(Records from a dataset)
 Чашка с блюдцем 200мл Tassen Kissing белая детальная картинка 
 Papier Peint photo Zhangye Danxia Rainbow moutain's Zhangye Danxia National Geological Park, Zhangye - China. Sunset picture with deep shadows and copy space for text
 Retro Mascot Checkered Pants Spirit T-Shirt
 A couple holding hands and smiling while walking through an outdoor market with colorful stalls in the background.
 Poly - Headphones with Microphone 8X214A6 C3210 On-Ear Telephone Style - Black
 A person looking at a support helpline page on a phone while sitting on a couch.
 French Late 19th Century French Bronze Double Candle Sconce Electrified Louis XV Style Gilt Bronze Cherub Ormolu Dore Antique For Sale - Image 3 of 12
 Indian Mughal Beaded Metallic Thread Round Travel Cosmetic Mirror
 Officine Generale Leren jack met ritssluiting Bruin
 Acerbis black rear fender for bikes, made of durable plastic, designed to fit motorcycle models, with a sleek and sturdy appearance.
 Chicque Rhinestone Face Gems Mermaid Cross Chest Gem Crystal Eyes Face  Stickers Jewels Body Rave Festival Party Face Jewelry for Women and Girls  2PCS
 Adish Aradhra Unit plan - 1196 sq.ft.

• [TASK DESCRIPTION]:
All of the lines above should be returned exactly as written.

• [RESPONSE AREA]:
 Чашка с блюдцем 200мл Tassen Kissing белая детальная картинка 
 Papier Peint photo Zhangye Danxia Rainbow moutain's Zhangye Danxia National Geological Park, Zhangye - China. Sunset picture with deep shadows and copy space for text
 Retro Mascot Checkered Pants Spirit T-Shirt
 A couple holding hands and smiling while walking through an outdoor market with colorful stalls in the background.
 Poly - Headphones with Microphone 8X214A6 C3210 On-Ear Telephone Style - Black
 A person looking at a support helpline page on a phone while sitting on a couch.
 French Late 19th Century French Bronze Double Candle Sconce Electrified Louis XV Style Gilt Bronze Cherub Ormolu Dore Antique For Sale - Image 3 of 12
 Indian Mughal Beaded Metallic Thread Round Travel Cosmetic Mirror
 Officine Generale Leren jack met ritssluiting Bruin
 Acerbis black rear fender for bikes, made of durable plastic, designed to fit motorcycle models, with a sleek and sturdy appearance.
 Chicque Rhinestone Face Gems Mermaid Cross Chest Gem Crystal Eyes Face  Stickers Jewels Body Rave Festival Party Face Jewelry for Women and Girls  2PCS
 Adish Aradhra Unit plan - 1196 sq.ft.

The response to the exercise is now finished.